Multiple connections with Managed Data Lake Service are failing in AWS region

Incident Report for Fivetran

Resolved

Incident Summary:

Description:
Connections to the Managed Data Lake Service were failing in the AWS region with the Polaris connectivity to AWS STS.
Connections hit a second issue and started to fail with the error:
"reason":"com.fivetran.warehouses.data_lake_v2.exception.UnifiedDataLakeException: org.apache.iceberg.exceptions.ValidationException: Found conflicting files that can contain records [...] "

Timeline:
The First issue began on Aug 11th at 09:48 AM UTC and was resolved on Aug 11th at 19.30 UTC.
The Second Issue began on Aug 11th at 19.30 UTC and was resolved on August 13 at 1:54 PM UTC.

Cause:
Due to the recent change in the retry mechanism, the number of connections increased, which, together with ongoing customer migrations onto the Polaris service, resulted in high-volume traffic in Cloud NAT in the GCP region US-east4, where Polaris is running.

Resolution:
Polaris retry mechanism feature has been reverted, and Cloud NAT per VM minimum port count has been increased to 512 ports from the existing (default) 64.

Posted Aug 15, 2025 - 16:30 UTC

Monitoring

We have deployed a fix to rollback and recover affected snapshots to the latest stable version.

Affected connectors are resuming their normal sync functionality and we are continuing to monitor progress.

Posted Aug 14, 2025 - 23:27 UTC

Update

We are continuing to work on a fix for this issue. We will additionally contact customers directly for resolutions in certain cases.

Posted Aug 14, 2025 - 08:00 UTC

Update

We are making code changes to roll back to the previous snapshot if the table is found to be corrupted. We will share further updates as soon as more information becomes available.

Posted Aug 12, 2025 - 19:00 UTC

Update

We are continuing to work on investigating the root cause and a fix for this issue.

Posted Aug 12, 2025 - 07:22 UTC

Update

We are currently observing sync failures across multiple connectors, with the error "Found conflicting files that can contain records matching".

Our team is actively investigating the root cause of this issue. We will provide further updates as soon as more information becomes available.

Posted Aug 12, 2025 - 02:54 UTC

Update

We have deployed a fix to reduce the number of retries and also increased the minimum number of ports to help handle the large number of requests.

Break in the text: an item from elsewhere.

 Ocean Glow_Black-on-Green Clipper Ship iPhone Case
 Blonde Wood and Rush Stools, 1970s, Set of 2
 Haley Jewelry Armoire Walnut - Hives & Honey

This has lead to a reduction in failures, but some connectors are still affected.

Remaining connectors are still being investigated for intermittent connectivity issues with Polaris.

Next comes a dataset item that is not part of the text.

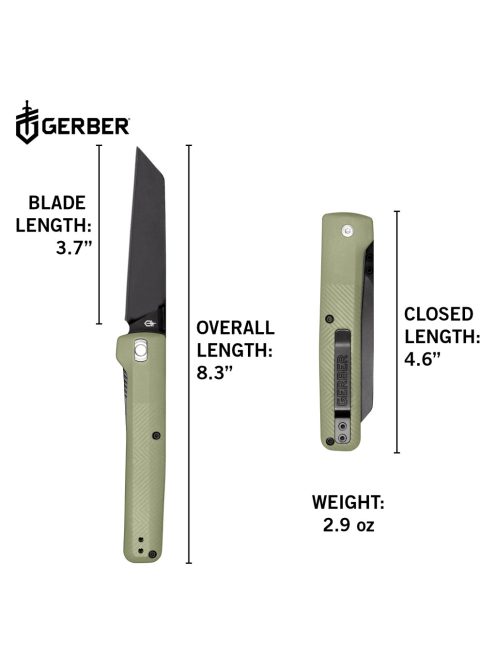 Gerber Pledge zsebkés, zuzmó zöld - 25 év garanciával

Posted Aug 11, 2025 - 22:00 UTC

Update

We are still working on a fix for this issue.

Posted Aug 11, 2025 - 19:01 UTC

Update

We are continuing to work on a fix for this issue.

Posted Aug 11, 2025 - 16:51 UTC

Update

We are currently investigating an issue affecting multiple connections, which are failing with the following error:
"org.apache.iceberg.exceptions.RESTException: Unable to process: Failed to get subscoped credentials: Unable to execute HTTP request, Connect timed out"

Posted Aug 11, 2025 - 14:56 UTC

Identified

The issue has been identified and we are working to resolve it.

Posted Aug 11, 2025 - 14:50 UTC

This incident affected: Systems (Destinations).